**Data excerpt:**
_ _ _
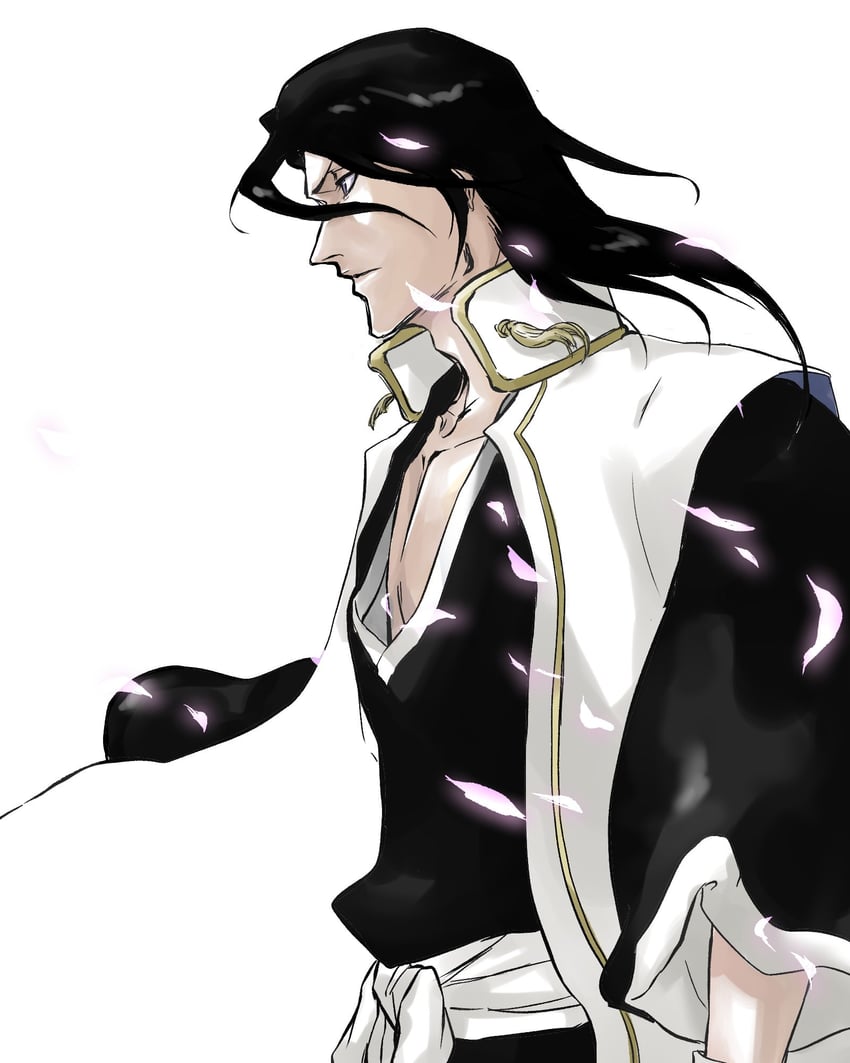 kuchiki byakuya (bleach and 1 more) drawn by mitu_hide43
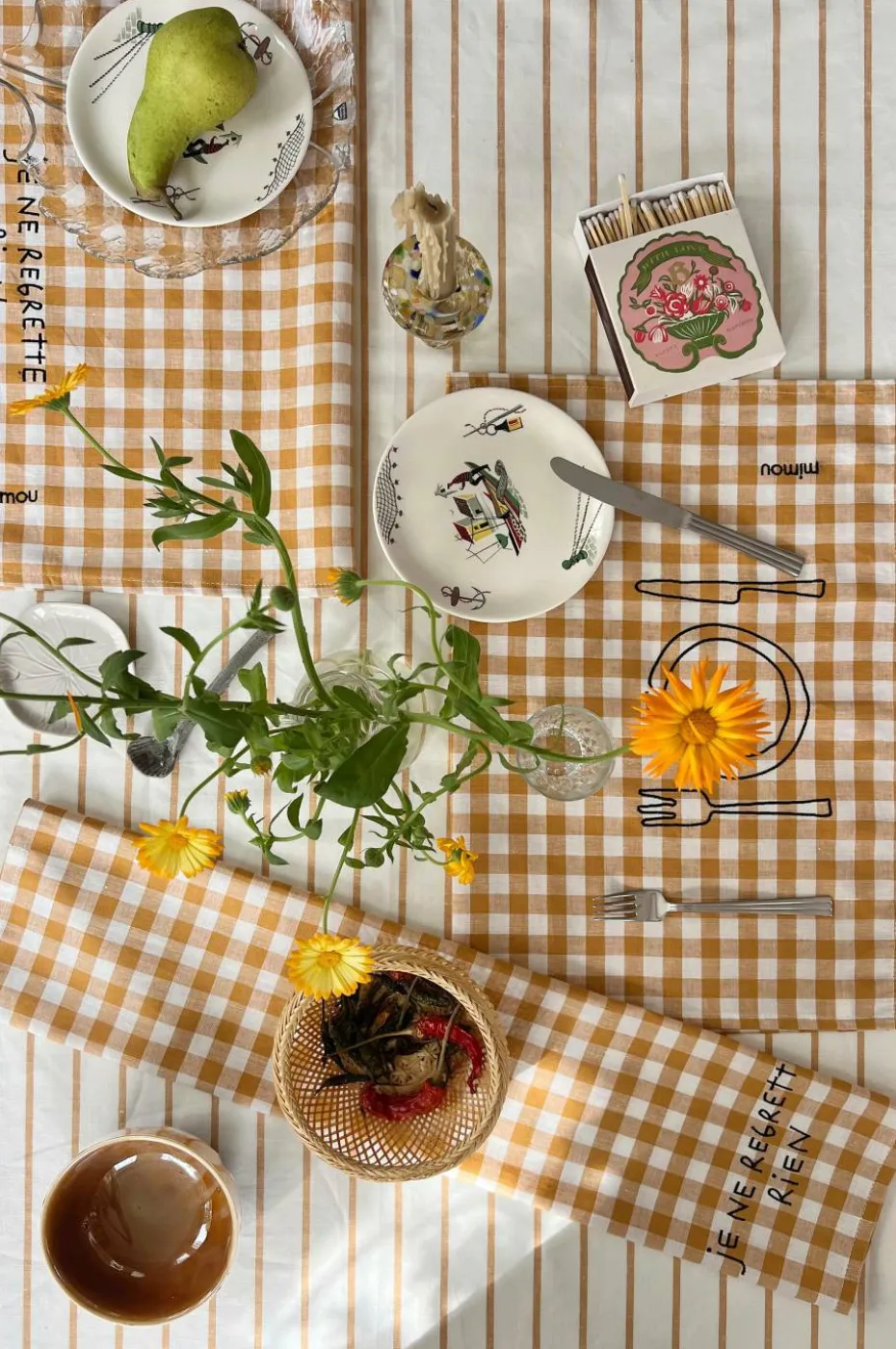 Mimou Tehåndkle Plate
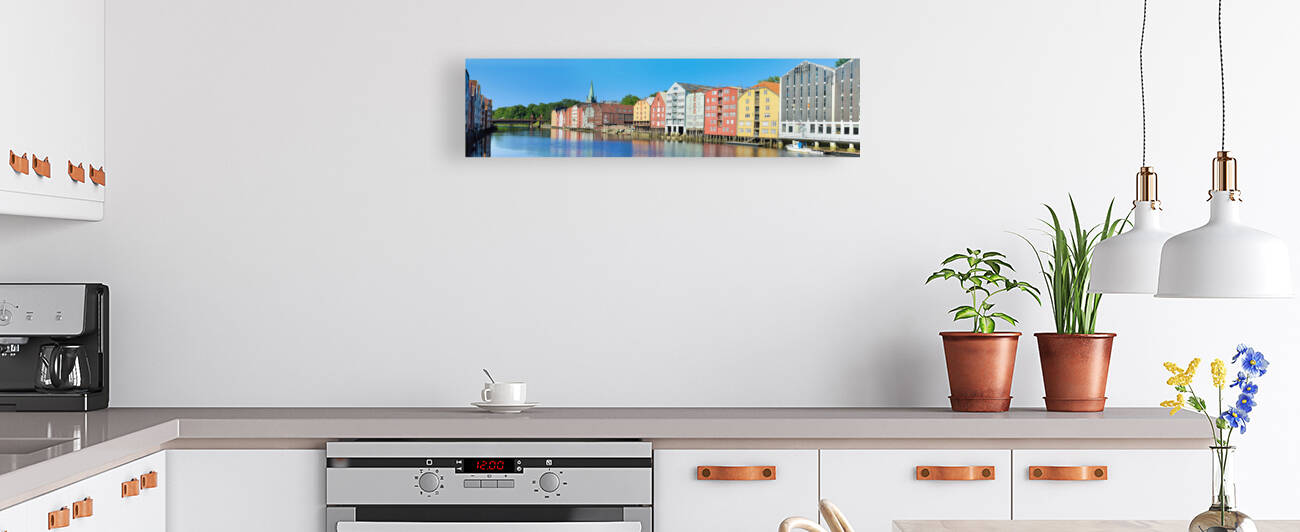 Trondheim Norway City Canal View 06 4x1 by WorldHQPhotos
_ _ _
Repeat the data exactly. Pictures should not appear.

**Output below:**
 kuchiki byakuya (bleach and 1 more) drawn by mitu_hide43
 Mimou Tehåndkle Plate
 Trondheim Norway City Canal View 06 4x1 by WorldHQPhotos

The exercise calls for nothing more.